Big Plays in the Parcel Industry – How Dimensional Pricing Changes May Impact Shippers
The news about some of the biggest parcel changes in the past decade has been out for a little while, but in case you haven’t heard--starting on December 29, 2014 UPS will be factoring dimensional weight into their pricing of packages with a volume under 3 cubic feet. FedEx earlier announced that they’ll start doing the same on January 1, 2015. Currently, only packages that are 3 cubic feet or more are evaluated by both size and weight, then charged for the more costly of the two.
FedEx announced their changes first on May 2 and then UPS followed suit on June 17. The changes by UPS are a much bigger deal since, as a recent article about this topic in DC Velocity mentions, “UPS handles about 12 million daily ground packages, or roughly three times the number of daily ground parcels as FedEx Ground.”
Big guys vs. little guys
It’s important to remember that standard shipping rates don’t apply to major companies like Amazon or Wal-Mart. FedEx and UPS need these companies more than the companies, who could switch to one of their rivals, need them. Now that both of the major players in the parcel industry will be putting this change into place at the end of the year, negotiating down the price increase could become more difficult.
For smaller retailers that don’t have as much negotiating power, one possible change will be to use smaller boxes. However, as a New York Times article pointed out, “Smaller boxes would probably be a relief to people who care about the environment or just want more space in their recycling bins. But for small online retailers, it is actually another added expense because they have to buy more different-size boxes.” These retailers will have some important calculations ahead to control costs.
What to do about the increased costs?
For many online retailers, simply increasing the shipping price as a line item is not a good option. The New York Times article suggested that many retailers will instead hide this cost in other price increases since, “Shoppers will switch to another e-commerce site without a second thought to find free shipping.” Either way, the price increase is a negative for both consumers who will see higher costs and businesses that may see a slight decline in sales.

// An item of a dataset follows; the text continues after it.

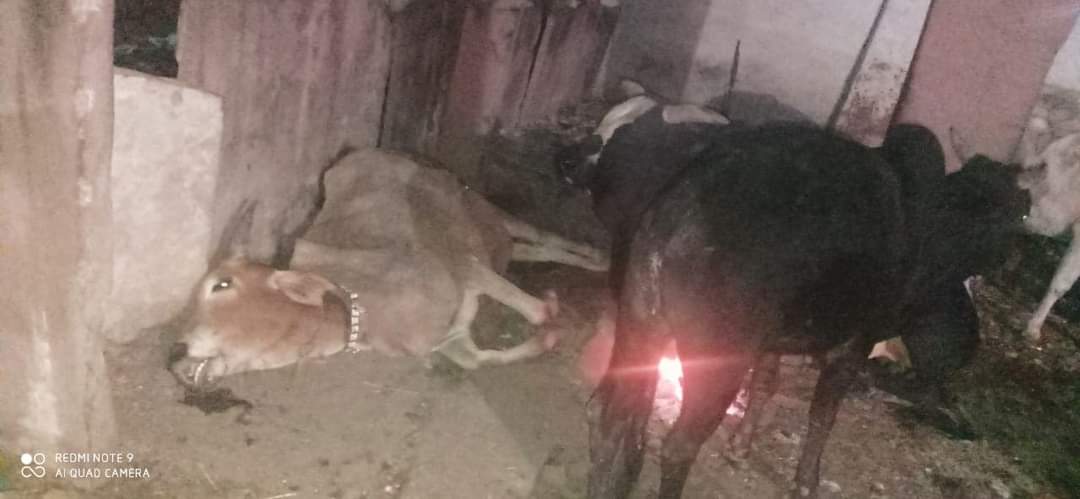 NishankJain_'s tweet photo. गौ माता के नाम पर वोट लेने वाली सरकार जिसको गौवंशो की चिंता ही नही गंजबासौदा में सर्दी में तड़प तड़प कर 2 गायो की मौत हो गयी लेकिन इस ओर सरकार का कोई ध्यान नही, पहले सर्दियों में अलाब जलते थे जिसमें लोग तापते थे और मूक गौ वंश भी अलाब के पास बैठकर कड़कड़ाती सर्दी से बच जाते थे । https://t.co/TL6PPJNMmD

Price increases will vary widely based on the weight of the items, and for heavier items there may not be any increase. For example, a Wall Street Journal article illustrates that the shipping cost of a 40 piece set of plastic containers would go up 30% while men’s running shoes would only increase 6% since they take up less space. So how can a shipper predict if they’ll see a cost increase and how much of one?
One parcel expert, Jerry Hempstead, advises in a recent blog of his, “Since they have your shipment data in their systems, ask FedEx and UPS for a report of the dims on your shipments that are under three cubic feet and the weight for which you are currently being billed. You can then figure out which ones will be charged more in the future.” This will help you to see what’s ahead and whether or not changes need to be made.
Another way to get numbers on parcel spend is with a new parcel tool that TranzAct created which allows people to compare contract proposals and rate increases against their actual parcel spend broken down by weight, zones, etc. So, if there is a general rate increase (which FedEx and UPS announce annually), a shipper can use the tool to see how it will specifically impact their costs based on the types of parcels they ship, when, where, and other factors. Often, people pay to have this analysis done by a consultant and then have one set of results, but our tool allows you to run the data however you like as much as you want. (If you’d like more information please contact firstname.lastname@example.org and mention the parcel tool.)
Though these changes are still on the horizon, it’s likely that they will spark a chain of reactions by both shippers and other parcel carriers in response.